__GOAL OF THE EXERCISE__
Exact copies of the records below are required.

__DATA SHOWN__

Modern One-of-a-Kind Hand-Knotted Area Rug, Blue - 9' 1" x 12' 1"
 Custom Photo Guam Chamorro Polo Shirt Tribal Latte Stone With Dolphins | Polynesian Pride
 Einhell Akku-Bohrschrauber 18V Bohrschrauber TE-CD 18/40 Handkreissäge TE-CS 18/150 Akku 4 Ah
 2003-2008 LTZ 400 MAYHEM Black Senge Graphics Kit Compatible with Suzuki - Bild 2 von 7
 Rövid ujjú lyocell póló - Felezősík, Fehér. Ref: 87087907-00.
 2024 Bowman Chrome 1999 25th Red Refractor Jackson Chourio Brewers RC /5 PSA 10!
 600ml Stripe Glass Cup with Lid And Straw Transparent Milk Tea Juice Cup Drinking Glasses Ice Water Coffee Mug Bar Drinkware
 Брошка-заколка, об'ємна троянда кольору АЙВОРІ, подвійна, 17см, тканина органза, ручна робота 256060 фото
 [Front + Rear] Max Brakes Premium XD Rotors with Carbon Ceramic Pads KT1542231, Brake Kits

__REPLY TO THE TASK__
Modern One-of-a-Kind Hand-Knotted Area Rug, Blue - 9' 1" x 12' 1"
 Custom Photo Guam Chamorro Polo Shirt Tribal Latte Stone With Dolphins | Polynesian Pride
 Einhell Akku-Bohrschrauber 18V Bohrschrauber TE-CD 18/40 Handkreissäge TE-CS 18/150 Akku 4 Ah
 2003-2008 LTZ 400 MAYHEM Black Senge Graphics Kit Compatible with Suzuki - Bild 2 von 7
 Rövid ujjú lyocell póló - Felezősík, Fehér. Ref: 87087907-00.
 2024 Bowman Chrome 1999 25th Red Refractor Jackson Chourio Brewers RC /5 PSA 10!
 600ml Stripe Glass Cup with Lid And Straw Transparent Milk Tea Juice Cup Drinking Glasses Ice Water Coffee Mug Bar Drinkware
 Брошка-заколка, об'ємна троянда кольору АЙВОРІ, подвійна, 17см, тканина органза, ручна робота 256060 фото
 [Front + Rear] Max Brakes Premium XD Rotors with Carbon Ceramic Pads KT1542231, Brake Kits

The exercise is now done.